DERRICK K. WATSON, District Judge.
This lawsuit arises from allegations that Plaintiffs had for some time parked their wheelchair-accessible van in designated guest parking spots without repercussion, even though condominium residents, like Plaintiffs, were prohibited from doing so pursuant to Defendants' parking regulations. When Defendants eventually towed Plaintiffs' van and refused to grant Plaintiffs an accommodation to resume parking in the guest parking area, Plaintiffs brought this action under the Fair Housing Amendments Act of 1988 (FHAA), 42 U.S.C. Section 3601 et seq., seeking compensatory and injunctive relief.
Defendants have now moved for summary judgment (Dkt. No. 68) on the basis that Plaintiffs' request for injunctive relief is moot because Defendants have formally granted Plaintiffs permission to park in guest parking, and Plaintiffs' claims for damages should be dismissed because Plaintiffs have not supported their claims with evidence. For the reasons explained below, Plaintiffs' claim for prospective injunctive relief is moot, but a jury trial is warranted on the sole issue of Plaintiffs' damages for emotional distress. Accordingly, Defendants' motion is GRANTED IN PART AND DENIED IN PART.
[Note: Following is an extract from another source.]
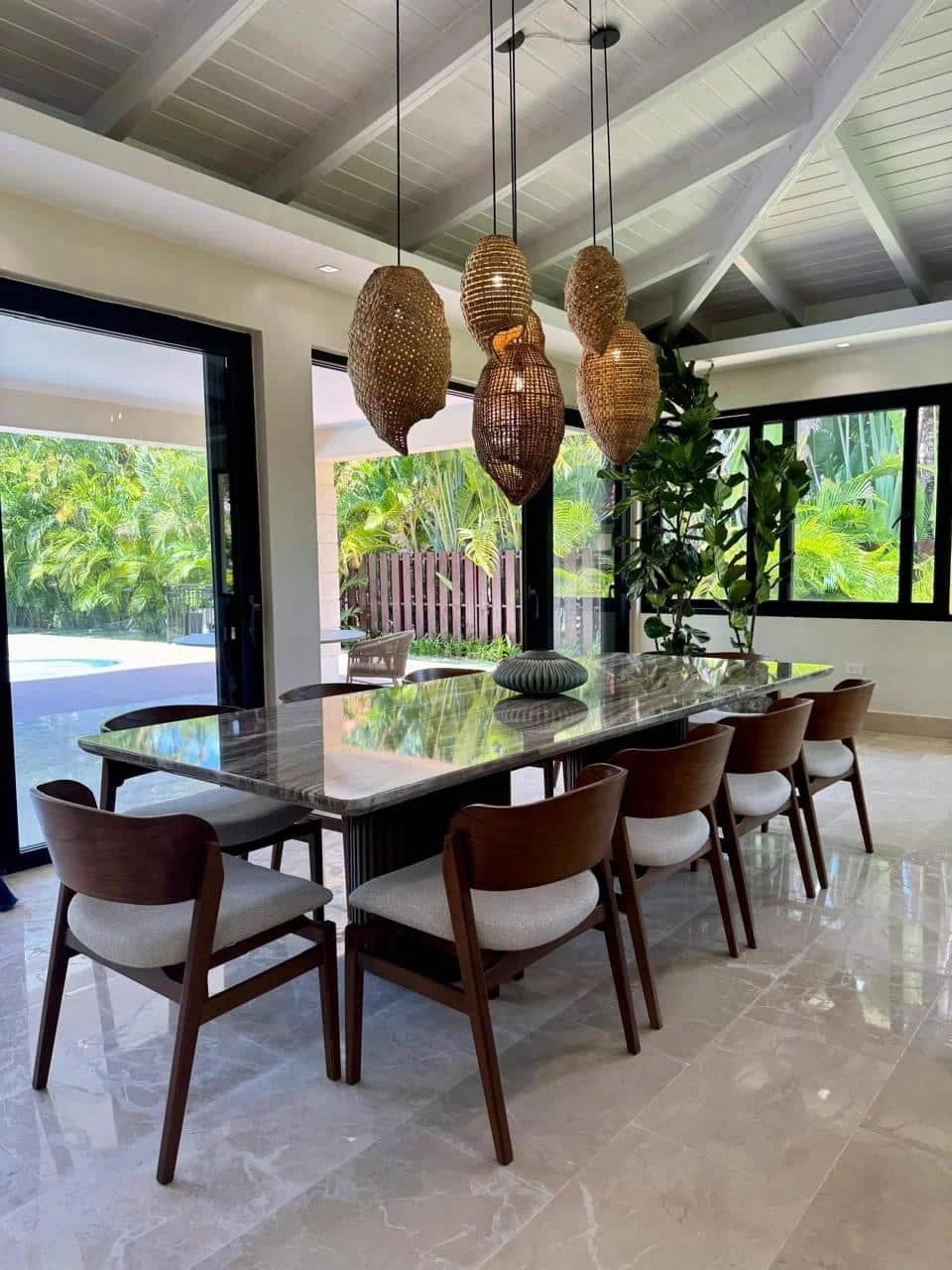 Comedor interior con mesa de mármol, ocho sillas de madera con cojines claros, lámparas colgantes de mimbre, ventanas grandes con vista a un jardín con plantas verdes.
The underlying facts in this case are largely undisputed. Plaintiffs Wilson and Mabel Lau own two units at the Honolulu Park Place condominiums (HPP), where they live with their adult son, Plaintiff Garrick Lau.
Residents at HPP have assigned parking spaces near their respective units.
Notwithstanding HPP's guest parking policy, it is undisputed that, for some time, the Laus regularly parked in HPP's dedicated guest parking area without consequence.
Wilson subsequently sent a letter to the HPP President and Board of Directors (Board) on August 1, 2017.
On August 23, 2017, the Board denied the Laus' request for an accommodation in a letter issued by counsel.
On May 6, 2019, the Court heard oral argument on Defendants' Motion to Dismiss. Dkt. No. 38. At the hearing, the Laus' counsel represented that it "is the plaintiffs' position that we are not looking for any sort of assigned space on the ground floor, we are not looking for any proprietary interest in any particular space. We want to continue, just like we did for ten years, which is to park if there is an open space."
On July 26, 2019, the HPP AOAO, through counsel, sent a letter to the Laus' counsel, granting Garrick the following parking accommodation:
The Laus later admitted that as of July 26, 2019, Garrick had the non-exclusive right to park in a single guest parking space at HPP,
Summary judgment under Rule 56 is appropriate only when the Court, viewing the record as a whole and in the light most favorable to the nonmoving party, determines that there exists no genuine issue of material fact and that the moving party is entitled to judgment as a matter of law. See Fed.R.Civ.P. 56(a); Celotex Corp. v. Catrett, 477 U.S. 317, 322-24 (1986); Anderson v. Liberty Lobby, Inc., 477 U.S. 242, 248-50 (1986). A genuine issue of material fact exists when "there is sufficient evidence favoring the nonmoving party for a jury to return a verdict for that party." Anderson, 477 U.S. at 249; see Scott v. Harris, 550 U.S. 372, 380 (2007). "[A] complete failure of proof concerning an essential element" of a claim "necessarily renders all other facts immaterial." Celotex, 477 U.S. at 323.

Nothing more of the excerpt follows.